Waiting for Sunrise
by William Boyd
It is 1913. Lysander Rief, an actor on the London stage like his father before him, is in Vienna to seek psychiatric help for a sexual problem. In his doctor’s waiting room, he meets, separately, a captivating but evidently disturbed young woman and an odd, military-looking man, both of them English. He later has an affair with the woman, suffers an entrapment, escapes it with the help of the man and returns home to England.
Then the First World War breaks out. In repayment for the help he received in Vienna, Lysander has no choice but to allow himself to be recruited as a British spy – or rather, spycatcher. The rest of the story is about his adventures in that role and his ultimately successful efforts to identify the traitor within the establishment who is feeding military secrets to the Germans.
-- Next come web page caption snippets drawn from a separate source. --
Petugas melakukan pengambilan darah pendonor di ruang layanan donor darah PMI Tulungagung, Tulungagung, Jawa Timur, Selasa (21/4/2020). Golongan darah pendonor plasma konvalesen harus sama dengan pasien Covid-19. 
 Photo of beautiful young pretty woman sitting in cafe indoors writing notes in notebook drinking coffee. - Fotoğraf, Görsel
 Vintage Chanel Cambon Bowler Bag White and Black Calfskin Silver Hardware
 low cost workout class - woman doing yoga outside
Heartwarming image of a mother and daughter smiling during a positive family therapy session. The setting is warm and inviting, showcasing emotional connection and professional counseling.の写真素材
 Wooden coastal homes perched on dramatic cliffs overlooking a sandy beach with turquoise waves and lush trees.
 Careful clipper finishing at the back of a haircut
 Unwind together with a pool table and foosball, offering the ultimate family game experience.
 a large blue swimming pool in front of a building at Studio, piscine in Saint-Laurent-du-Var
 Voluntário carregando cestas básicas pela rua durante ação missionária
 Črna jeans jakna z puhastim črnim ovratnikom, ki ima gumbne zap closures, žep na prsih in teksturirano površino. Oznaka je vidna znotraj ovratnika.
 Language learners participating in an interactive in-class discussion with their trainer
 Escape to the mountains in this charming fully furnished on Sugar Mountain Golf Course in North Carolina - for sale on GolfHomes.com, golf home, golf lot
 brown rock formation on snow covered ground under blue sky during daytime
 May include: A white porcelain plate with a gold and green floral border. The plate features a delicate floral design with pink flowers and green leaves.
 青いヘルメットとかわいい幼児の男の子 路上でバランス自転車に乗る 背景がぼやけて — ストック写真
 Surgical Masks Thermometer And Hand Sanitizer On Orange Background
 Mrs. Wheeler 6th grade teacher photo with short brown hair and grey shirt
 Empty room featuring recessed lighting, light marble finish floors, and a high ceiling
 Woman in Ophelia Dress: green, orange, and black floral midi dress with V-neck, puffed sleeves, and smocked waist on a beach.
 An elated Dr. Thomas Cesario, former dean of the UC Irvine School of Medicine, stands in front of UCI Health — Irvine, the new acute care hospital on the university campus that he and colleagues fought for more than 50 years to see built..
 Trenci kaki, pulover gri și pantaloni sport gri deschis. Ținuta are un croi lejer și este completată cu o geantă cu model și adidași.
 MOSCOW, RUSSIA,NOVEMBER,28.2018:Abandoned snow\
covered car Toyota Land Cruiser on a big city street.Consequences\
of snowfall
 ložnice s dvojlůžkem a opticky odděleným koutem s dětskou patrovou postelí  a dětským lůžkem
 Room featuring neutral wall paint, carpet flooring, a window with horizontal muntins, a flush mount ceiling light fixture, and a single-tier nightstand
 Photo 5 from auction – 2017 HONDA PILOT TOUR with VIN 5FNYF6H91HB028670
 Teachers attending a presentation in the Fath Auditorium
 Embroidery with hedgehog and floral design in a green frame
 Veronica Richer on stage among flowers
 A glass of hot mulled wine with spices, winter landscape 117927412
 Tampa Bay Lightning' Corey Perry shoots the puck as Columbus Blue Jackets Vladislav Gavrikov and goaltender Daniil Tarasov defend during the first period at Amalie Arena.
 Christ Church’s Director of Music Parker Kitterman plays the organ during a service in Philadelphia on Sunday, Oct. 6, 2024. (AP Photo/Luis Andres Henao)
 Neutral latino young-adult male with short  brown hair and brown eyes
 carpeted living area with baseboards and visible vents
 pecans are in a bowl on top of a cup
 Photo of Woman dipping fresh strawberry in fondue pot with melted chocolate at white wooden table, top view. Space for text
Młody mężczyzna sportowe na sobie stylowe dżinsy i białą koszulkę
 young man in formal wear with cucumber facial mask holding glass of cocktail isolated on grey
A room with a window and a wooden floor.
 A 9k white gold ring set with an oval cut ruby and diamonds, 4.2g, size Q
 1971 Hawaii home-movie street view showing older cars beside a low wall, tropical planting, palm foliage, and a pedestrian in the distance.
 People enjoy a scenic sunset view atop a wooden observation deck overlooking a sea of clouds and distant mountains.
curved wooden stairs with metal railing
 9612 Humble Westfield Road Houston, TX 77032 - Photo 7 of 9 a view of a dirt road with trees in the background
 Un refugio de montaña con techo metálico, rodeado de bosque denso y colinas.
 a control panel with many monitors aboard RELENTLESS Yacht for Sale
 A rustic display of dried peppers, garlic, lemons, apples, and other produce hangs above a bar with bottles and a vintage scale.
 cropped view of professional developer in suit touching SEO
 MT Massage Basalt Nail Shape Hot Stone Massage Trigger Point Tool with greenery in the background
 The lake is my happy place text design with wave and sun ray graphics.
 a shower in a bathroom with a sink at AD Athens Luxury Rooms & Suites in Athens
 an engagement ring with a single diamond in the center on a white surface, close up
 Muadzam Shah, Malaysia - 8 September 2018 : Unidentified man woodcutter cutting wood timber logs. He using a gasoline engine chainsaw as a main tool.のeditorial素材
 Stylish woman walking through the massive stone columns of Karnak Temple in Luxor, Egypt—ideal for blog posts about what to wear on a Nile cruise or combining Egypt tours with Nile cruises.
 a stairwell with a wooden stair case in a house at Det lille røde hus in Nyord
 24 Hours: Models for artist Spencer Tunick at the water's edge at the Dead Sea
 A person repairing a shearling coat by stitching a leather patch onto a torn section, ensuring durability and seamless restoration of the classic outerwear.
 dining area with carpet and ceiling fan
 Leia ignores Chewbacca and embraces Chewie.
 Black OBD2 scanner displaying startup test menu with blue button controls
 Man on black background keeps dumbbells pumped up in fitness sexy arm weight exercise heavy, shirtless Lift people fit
Among literary novelists currently writing, William Boyd is probably the most reliable performer, surpassing even Ian McEwan in this respect. I have never read a book of his that I genuinely disliked, while some of them – such as A Good Man in Africa, Stars & Bars, Brazzaville Beach and his last before this one, Ordinary Thunderstorms – have been absolute corkers. Waiting for Sunrise (the title occurs at least twice in the text) is not quite as good as those, but it’s still pretty good. The ending is interestingly ambiguous – my girlfriend and I actually disagreed on who the traitor was – but satisfying all the same.
If you like your whodunits properly explained at the end, with all the loose ends tied up, this book may not be for you. There are a lot of unresolved questions at the end, or perhaps I’ve just been dense and missed some important hints. Be that as it may, readers who can tolerate a little uncertainty in their literary lives can get a lot of pleasure out of Waiting for Sunrise.